The EU’s new duties aren’t limited to steel and aluminum. They will also target American products like motorcycles, bourbon, peanut butter, jeans, textiles, home appliances, and agricultural goods. The tariffs focus on products from key U.S. states, including beef and poultry from Kansas and Nebraska, and wood products from Alabama and Georgia. Even Illinois, the top soybean producer, is affected noted The Associated Press.
The spirits industry is one of the hardest-hit sectors. Chris Swonger, president of the Distilled Spirits Council, said the EU’s move would “severely undercut” efforts to rebuild U.S. whiskey exports, which had surged by 60% in the past three years after previous tariffs were lifted.
European Commission President Ursula von der Leyen made it clear that the EU is open to negotiations. “We will always remain open to negotiation,” she said. “But tariffs are taxes, and they’re bad for business.” Von der Leyen warned that tariffs would hurt jobs, raise prices, and disrupt supply chains on both sides of the Atlantic.
Trump’s reasoning for the tariffs was to create more U.S. factory jobs, but von der Leyen argued that they will hurt consumers and businesses, leading to higher prices and uncertainty in the economy.
The American Chamber of Commerce to the EU expressed concern, saying the tariffs will damage jobs, prosperity, and security on both sides. They urged both the U.S. and the EU to de-escalate and work out a negotiated solution.
During his first term, Trump also imposed tariffs on EU steel and aluminum, leading to similar retaliatory measures from Europe. Now, the EU’s new countermeasures will be rolled out in two phases: first, on April 1, the EU will reintroduce tariffs that were suspended under the Biden administration. Then, on April 13, additional duties will target $19.6 billion worth of U.S. exports.
EU Trade Commissioner Maroš Šefčovič recently traveled to Washington in an attempt to prevent the tariffs, but he noted that it became clear that “the EU is not the problem.” He emphasized that the EU had tried to avoid the additional tariffs, but said it takes both sides to work out an agreement.

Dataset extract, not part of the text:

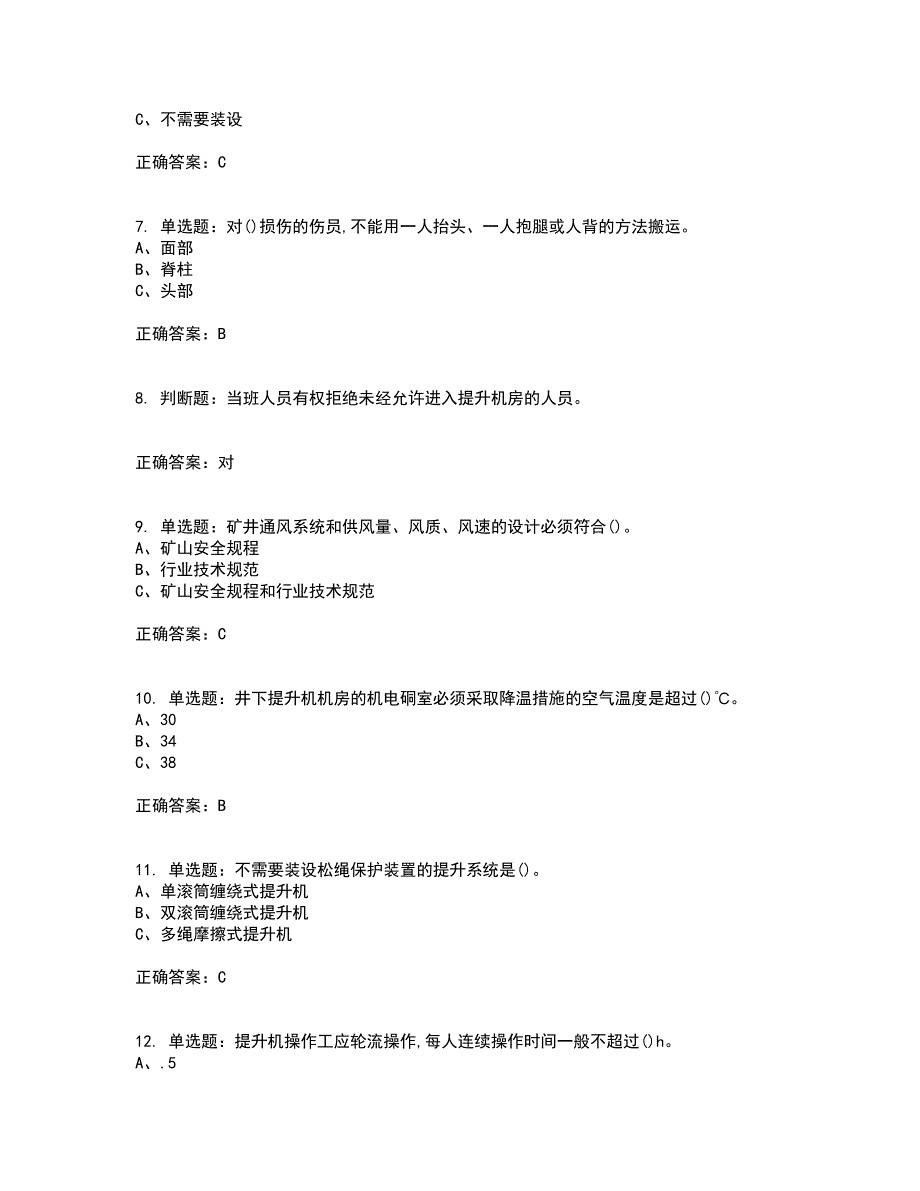 金属非金属矿山提升机操作作业安全生产资格证书资格考核试题附参考答案16_第2页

The European steel industry is particularly concerned, as it could lose up to 3.7 million tons of exports to the U.S. The U.S. is the second-largest market for EU steel, making up 16% of all EU steel exports.
Trade between the EU and the U.S. is worth about $1.5 trillion annually, representing around 30% of global trade. While the EU has a significant surplus in goods, it is somewhat offset by the U.S. surplus in services trade.